Your task> Straight copy, no pictures: transcribe each entry as it stands.
━━━━━ Data shown ━━━━━
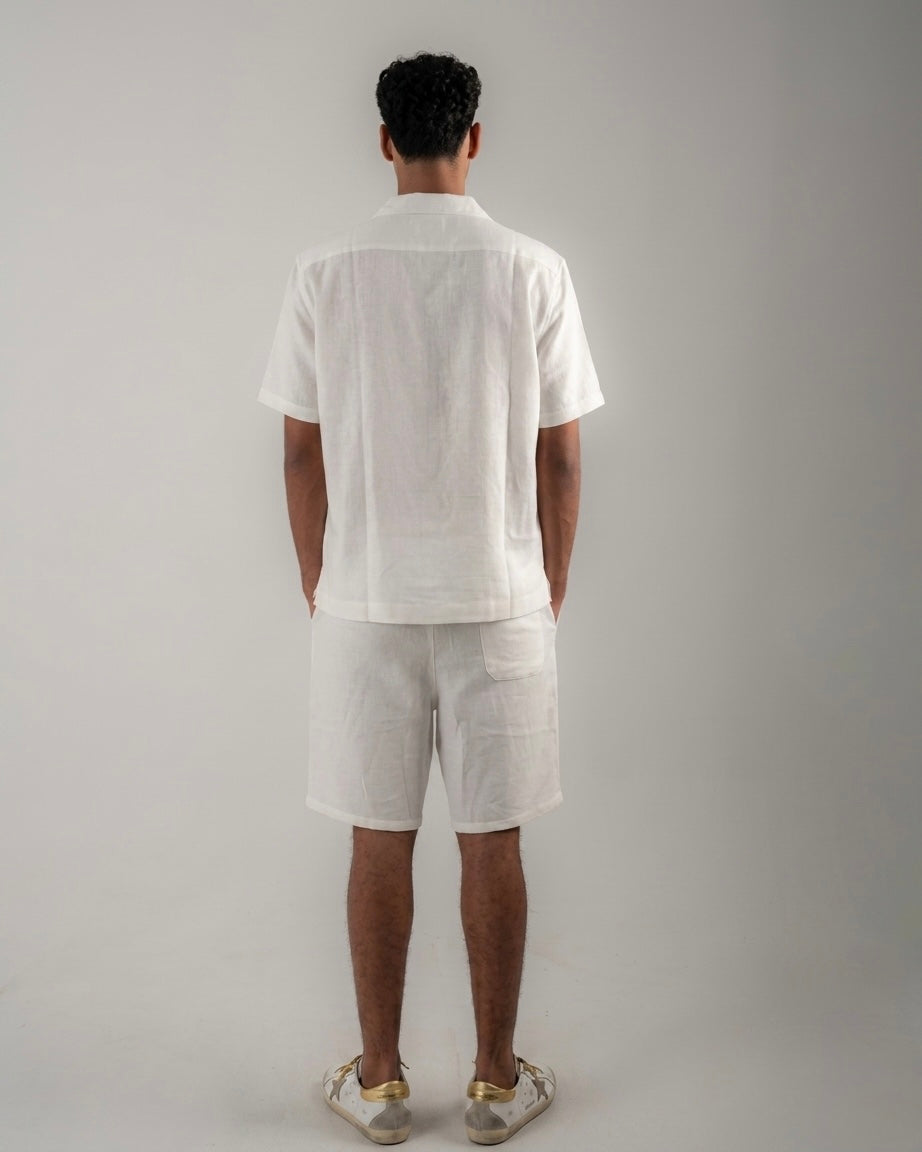 The white linen set
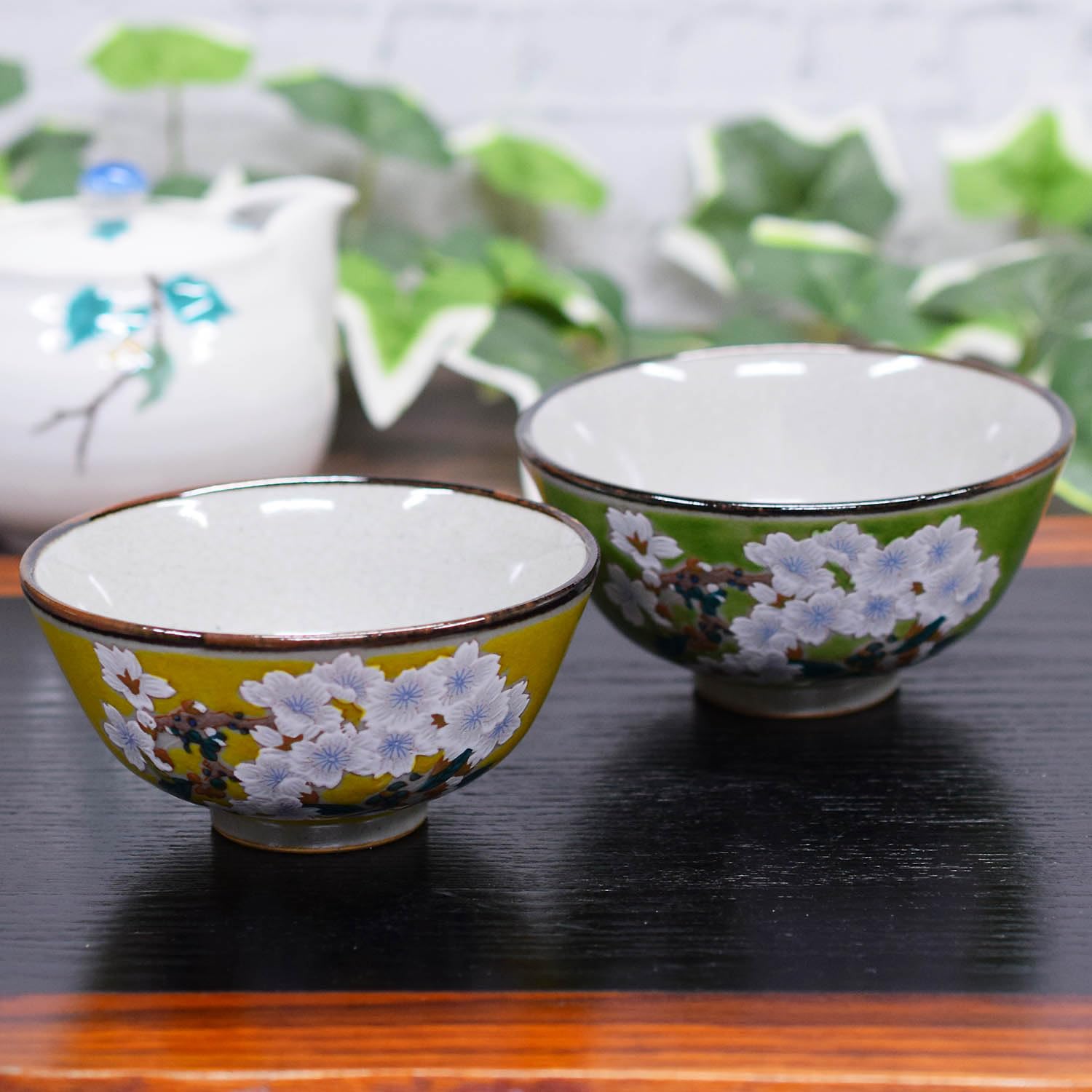 Waza no Kura Pair Rice Bowls - Stylish Japanese Tableware - Kutani Ware Couple s Rice Bowls - Sakura Design - High-Quality Ceramic Tableware - Made in
Waza no Kura Pair Rice Bowls - Stylish Japanese Tableware - Kutani Ware Couple s Rice Bowls - Sakura Design - High-Quality Ceramic Tableware - Made in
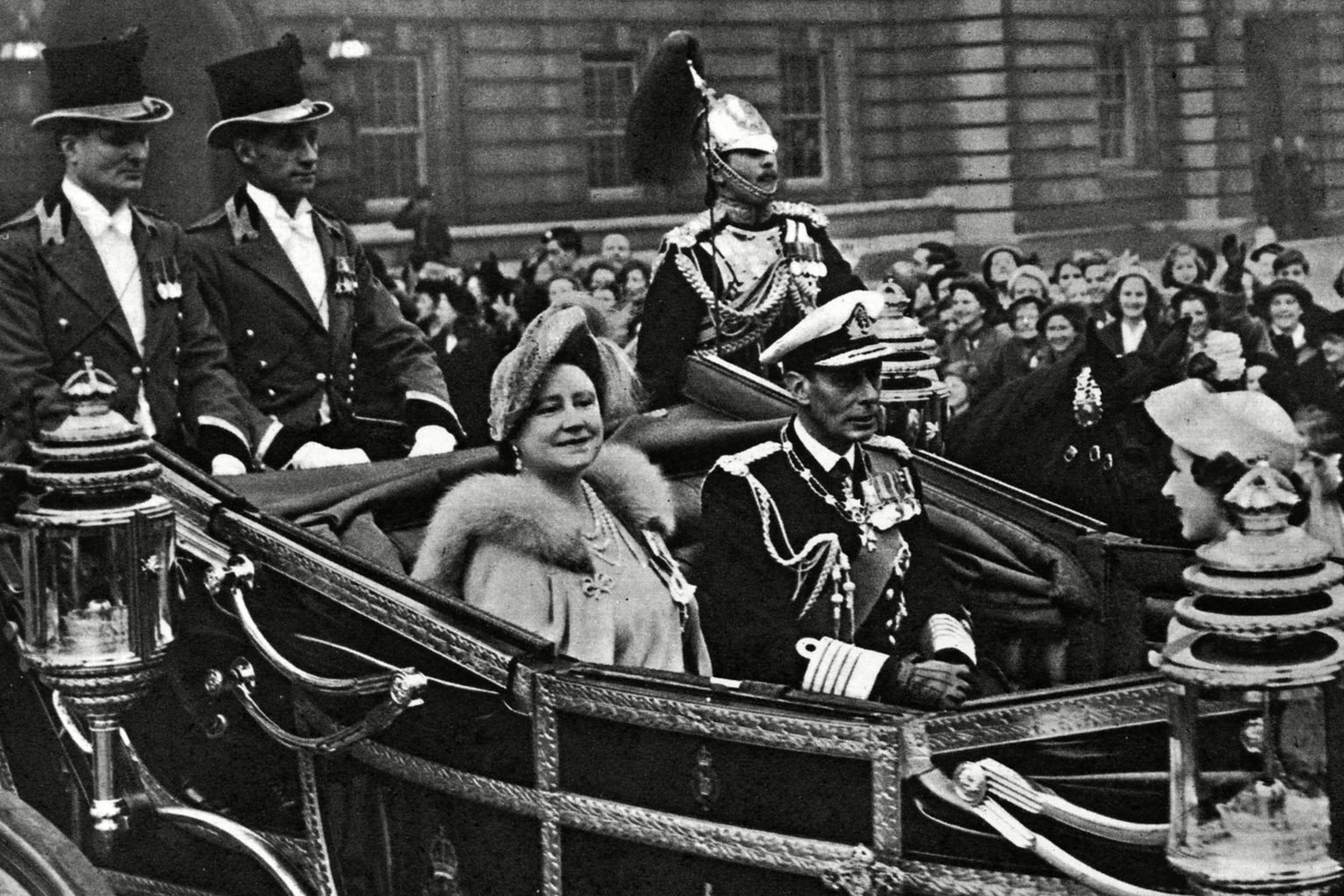 King George VI and Elizabeth Bowes-Lyon: 13th cousins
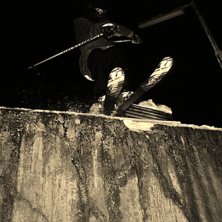 Drog ut och k&ouml;rde en betongmur!. Foto: Tommie Johansson. &Aring;kare: Anders Ica Holmberg.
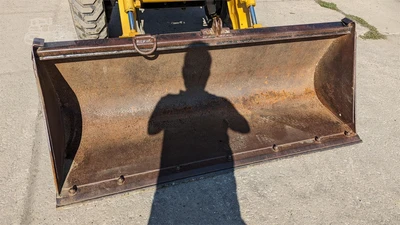 USED 2004 DEERE 110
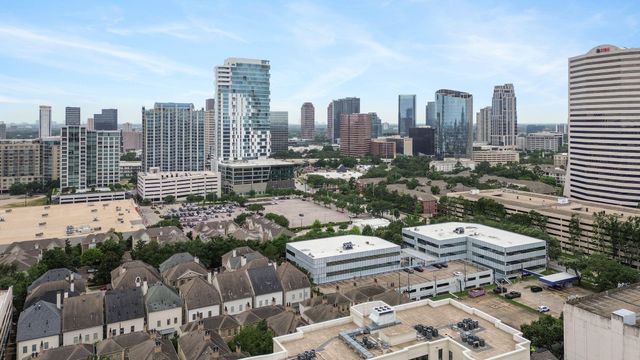 2210 Mid Lane 101, Houston, TX 77027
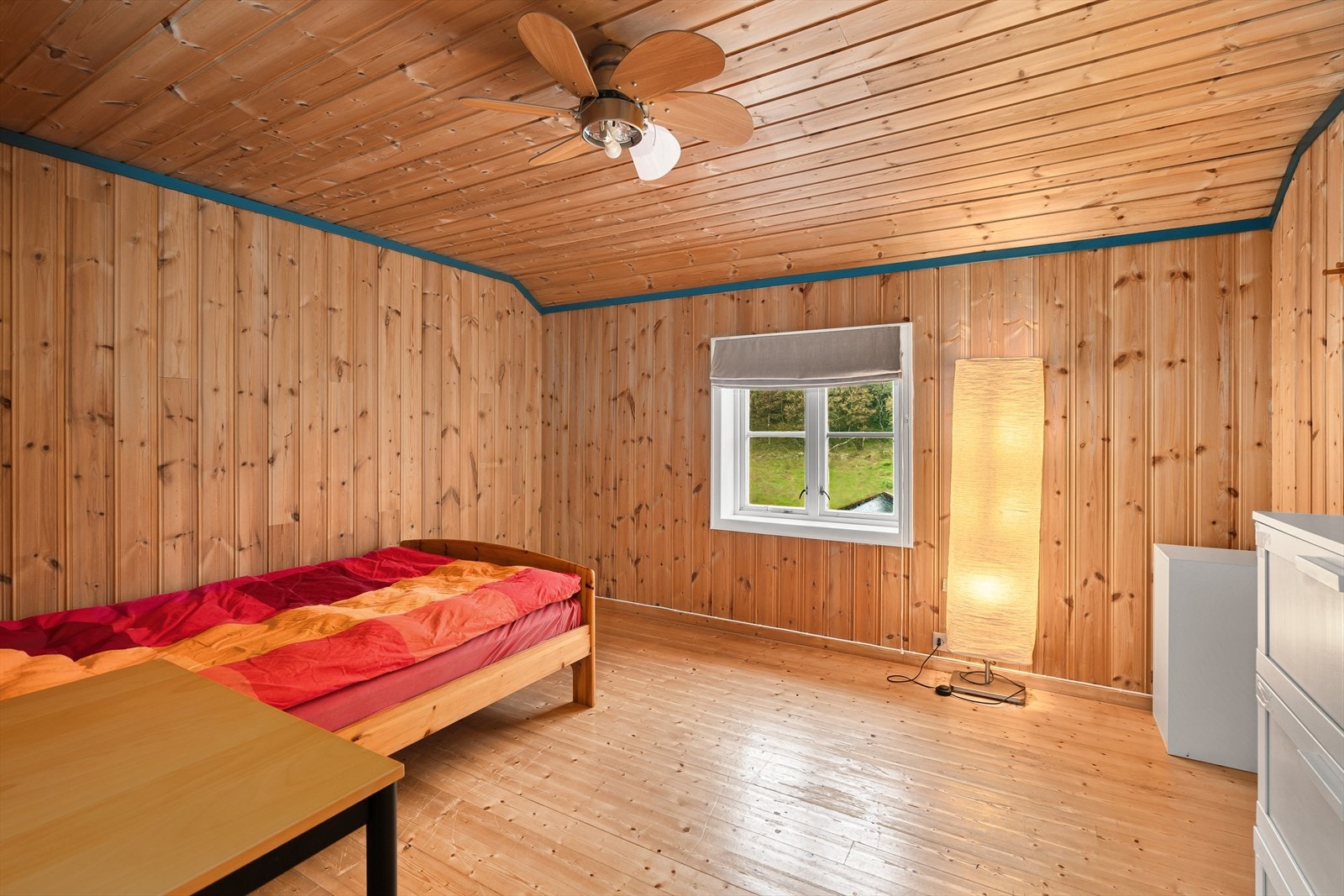 Boligen har 3 soverom med gode størrelser. Dette soverommet er på 11,5 m². Galleribilde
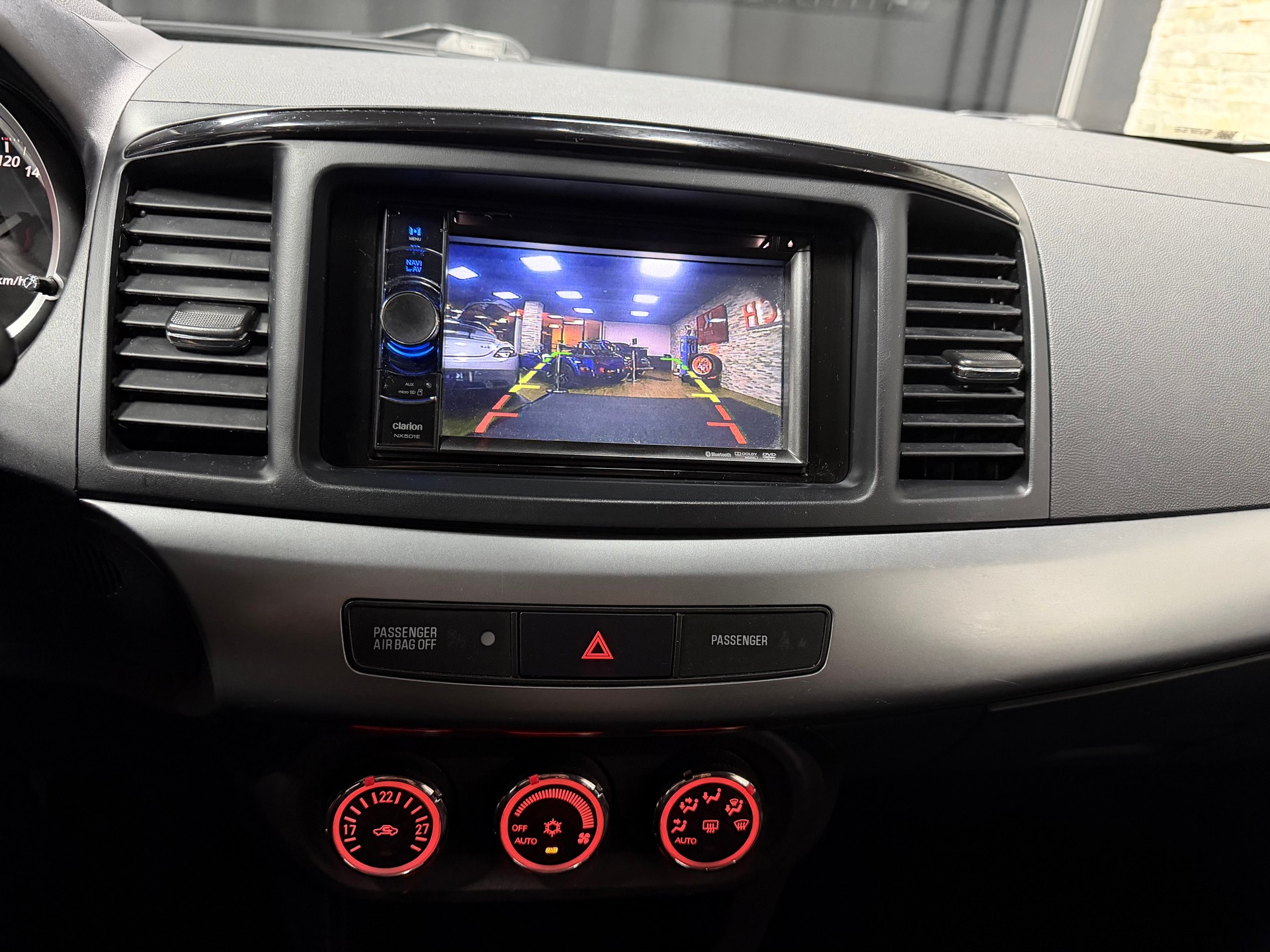 MITSUBISHI Lancer Sportback 1.8 DID Invite-image-12
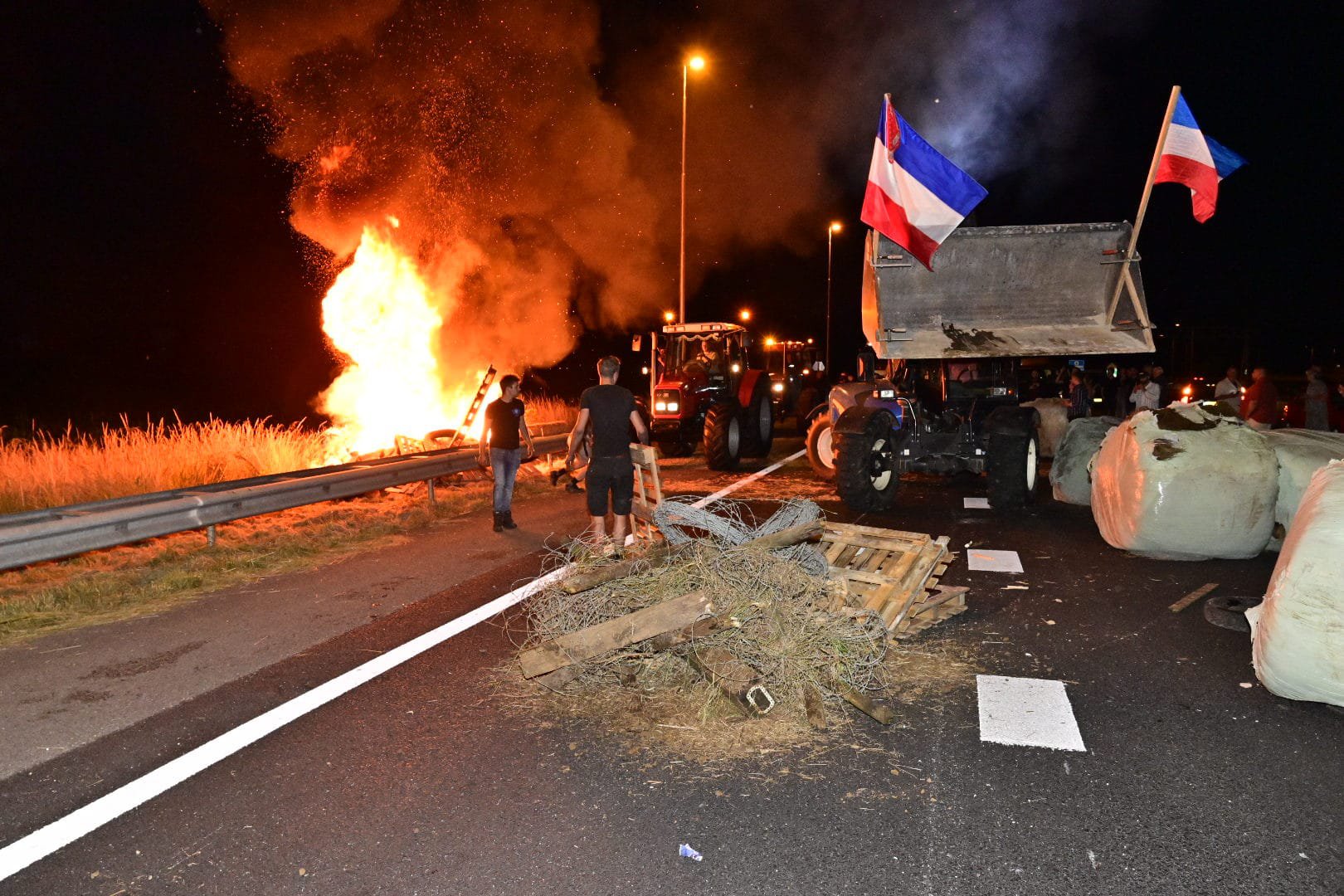 (Foto’s en video) Boeren stichten flinke brand bij A12 Babberich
━━━━━
Output>
 The white linen set
 Waza no Kura Pair Rice Bowls - Stylish Japanese Tableware - Kutani Ware Couple s Rice Bowls - Sakura Design - High-Quality Ceramic Tableware - Made in
Waza no Kura Pair Rice Bowls - Stylish Japanese Tableware - Kutani Ware Couple s Rice Bowls - Sakura Design - High-Quality Ceramic Tableware - Made in
 King George VI and Elizabeth Bowes-Lyon: 13th cousins
 Drog ut och k&ouml;rde en betongmur!. Foto: Tommie Johansson. &Aring;kare: Anders Ica Holmberg.
 USED 2004 DEERE 110
 2210 Mid Lane 101, Houston, TX 77027
 Boligen har 3 soverom med gode størrelser. Dette soverommet er på 11,5 m². Galleribilde
 MITSUBISHI Lancer Sportback 1.8 DID Invite-image-12
 (Foto’s en video) Boeren stichten flinke brand bij A12 Babberich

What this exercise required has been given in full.